E’ evidente che il comportamento di Feltri è quanto di più lontano si possa immaginare da un’idea di “collaborazione” con il collega Dino Boffo. Tra l’altro, qui il rapporto concerne direttori di giornale, ai quali per ovvi motivi è richiesta un’osservanza dei doveri deontologici più stretta di quella che in linea di principio si può pretendere da semplici redattori.

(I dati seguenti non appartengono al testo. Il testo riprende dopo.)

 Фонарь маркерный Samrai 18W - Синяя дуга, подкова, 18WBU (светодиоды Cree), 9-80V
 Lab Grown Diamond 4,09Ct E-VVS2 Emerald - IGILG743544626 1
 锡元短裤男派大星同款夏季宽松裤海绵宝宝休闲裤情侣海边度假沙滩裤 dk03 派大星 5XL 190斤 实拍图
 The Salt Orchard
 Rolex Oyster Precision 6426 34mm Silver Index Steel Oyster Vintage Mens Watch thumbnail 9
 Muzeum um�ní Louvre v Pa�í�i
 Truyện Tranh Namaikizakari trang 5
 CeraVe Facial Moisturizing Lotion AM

Inoltre, non può sfuggire la circostanza che in questo caso Feltri abbia voluto duramente colpire chi ha assunto posizioni critiche nei riguardi di Berlusconi. In considerazione delle difese d’ufficio che nei toni e nella sostanza va svolgendo Feltri a vantaggio del presidente del Consiglio da quando si è insediato alla direzione del “Giornale” (ma i suoi predecessori non erano da meno), appare evidente la violazione della Carta dei Doveri del giornalista, laddove dice che “La responsabilità del giornalista verso i cittadini prevale sempre nei confronti di qualsiasi altra. Il giornalista non può mai subordinarla ad interessi di altri e particolarmente a quelli dell'editore, del governo o di altri organismi dello Stato”. La “difesa d’ufficio” del presidente del Consiglio da parte di un direttore di giornale è per la Carta dei Doveri una cosa abietta. Ancor peggio se quel direttore è stipendiato, di fatto, dal presidente del Consiglio, degenerazione quest’ultima del ben noto conflitto di interessi nell’Informazione.

Ne deriva che Feltri andrebbe sottoposto a procedimento disciplinare da parte del competente Ordine dei Giornalisti. Se davvero, come pare trapelare, quella “nota informativa” è una vera e propria bufala, adeguata sanzione sarebbe la radiazione dall’albo.